確かに私と安室さんは1室を借りて一緒に生活する仲だ。だけどこの関係に名前があるのかと言われればそれは答えられない。私は彼に好意があるし向こうもそれを分かってる。そして私も彼の気持ちには気がついている。だけどそれを言葉にしたことはない。

「そしたらポアロに行こうか」
「名前さんならそう言ってくれると思ってた!」
「もう園子ったら…」

私は来た道を引き返す形で歩き出す。私が突然ポアロに行ったら安室さんは驚くだろうか。喜んでくれるかな。どっちの反応が想像出来て自然と笑みが出る。

「名前さん?」
「何でもないよ」

蘭ちゃんに指摘されきゅっと口元の筋肉を活動させた。園子ちゃんに揶揄されながらも歩き続けてポアロに着いた。カランと軽い音が扉を開けると同時に鳴り私たちの入店を伝える。
振り返った安室さんは私の顔を見つけると嬉しそうに笑い席に案内してくれた。

「来てくれたんですね」
「私達が連れてきたんですー。感謝してくださいよー」
「こら園子!ごめんなさい安室さん」
「いえいえ、連れてきて頂いてありがとうございます」

私は珍獣か何かなんだろうか。居心地悪く注文を取っている安室さんを見上げるとご機嫌な笑顔を貰った。

「しっかしよくあんなイケメンをモノに出来たわよね」
「園子ちゃん、私大人だからね一応。それとそれには同意見」

本当になんでこの人と私は一緒に生活しているんだろうと、偶に本気で考える時がある。だってあの安室透さんだ。顔もよく、気配りが出来て、テニスだってとても上手で、私立探偵をやっているくらい頭も良い。まさに完璧人間だ。

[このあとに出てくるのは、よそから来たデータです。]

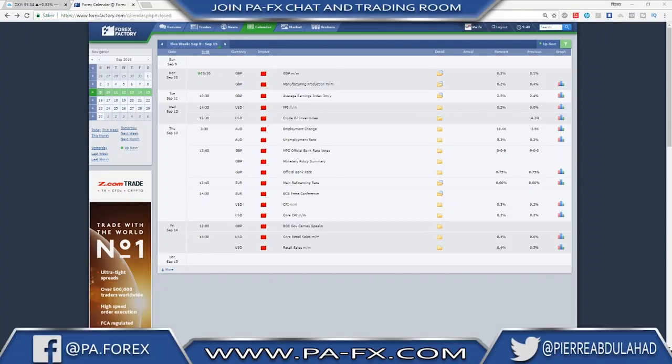Welcome back. As usual we take a look at the news calendar for the next week. It seems like next week it's all about Sterling, USD, and Aussie, with some Euro news. We'll start Monday with Sterling GDP month-on-month and manufacturing production, and Tuesday the average earnings index — very important for Sterling.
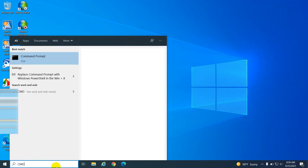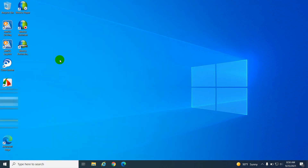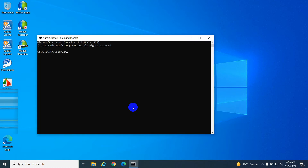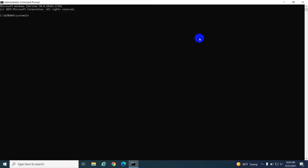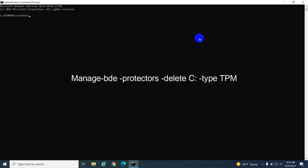Open Command Prompt and run as administrator. Type the following commands — commands are available in the description.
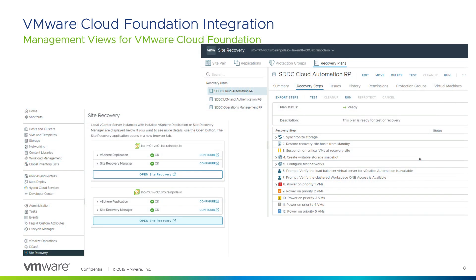Here we can see the vSphere view of the Site Recovery Manager pairing between two VMware Cloud Foundation instances, one in San Francisco and one in Los Angeles, along with the Site Recovery Manager plan view, with recovery plan steps mapped out in a tailored plan.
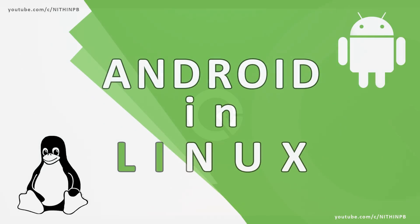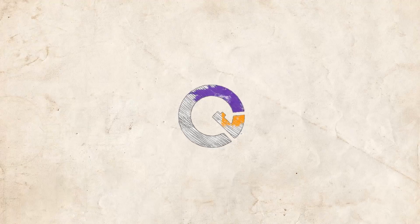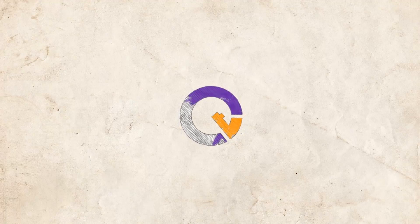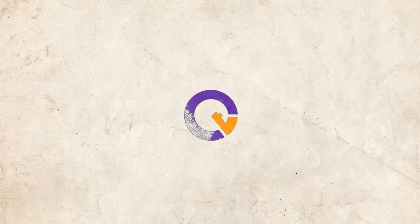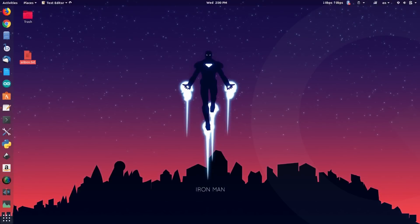Hey everyone, welcome back to another Linux tutorial. Today we are going to install Android on a Linux machine. So let's get started.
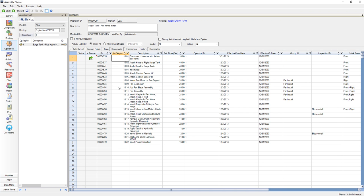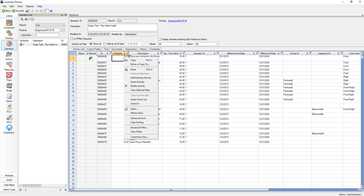Within Assembly Planner, users have the ability to customize the views of the spreadsheet controls. They can do things like control which columns are visible, the order of the columns, and the width of each column.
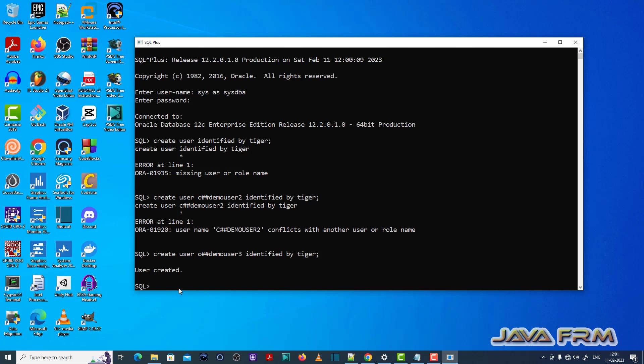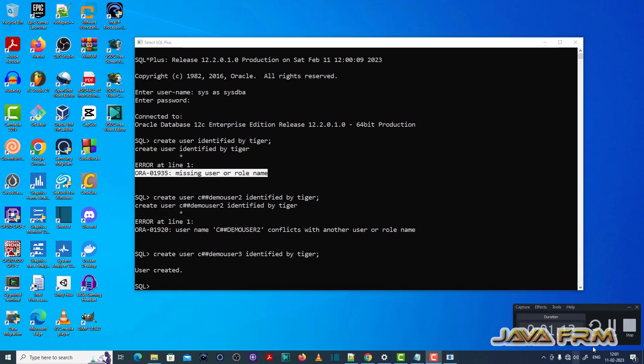Now you can see that I have created the new user which is now in the database. Make sure that you have supplied the user name correctly.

女子高生2人と楽しくおしゃべりしていると安室さんが上がる時間になり、自然と解散する流れになった。と言うのも2人が私達に気を使ったからである。でもその気遣いは無駄になってしまった。

「すみません名前さん、僕この後依頼人と会う約束をしていて」
「気にしないでください。お仕事頑張ってください…あと、朝ご飯ありがとうございました」

申し訳なさそうな顔して謝られたので、首を振り大丈夫だと伝え、小声で朝食のお礼を言うとニッコリ笑ってくれた。

安室さんと別れた後散歩の続きをしようとお家までの道のりを遠回りして帰る。だけどそれが仇となった。人が混み合ってる交差点で信号待ちをしている時に目の前を見慣れた白い車が通り過ぎ、少し離れた所で止まった。あれは間違いなく安室さんの愛車だ。
助手席からはプラチナロンドのスラリとした綺麗な女の人が出てきて、安室さんに何か話している。断片的に聞こえる単語で聞き取れたのはバーボンという単語だけだ。綺麗な女の人は妖艶に笑うと扉を閉めて歩き出し、安室さんは私に気付かずに走り出してしまった。私はというと信号が変わり人波に流され帰路についた。

あの人が依頼人なんだろうな。遠目だったけどそれでも綺麗な人だったな。彼の隣に立っても違和感がない人だった。

「助手席に乗せちゃうのか…」

別に助手席には私しか乗せません。とか言われた訳じゃないし、それを望んでるわけじゃない。ただ私は彼の隣に座って話すのが好きで、それを特別に感じていただけだ。彼に恋に落ちた場所だから。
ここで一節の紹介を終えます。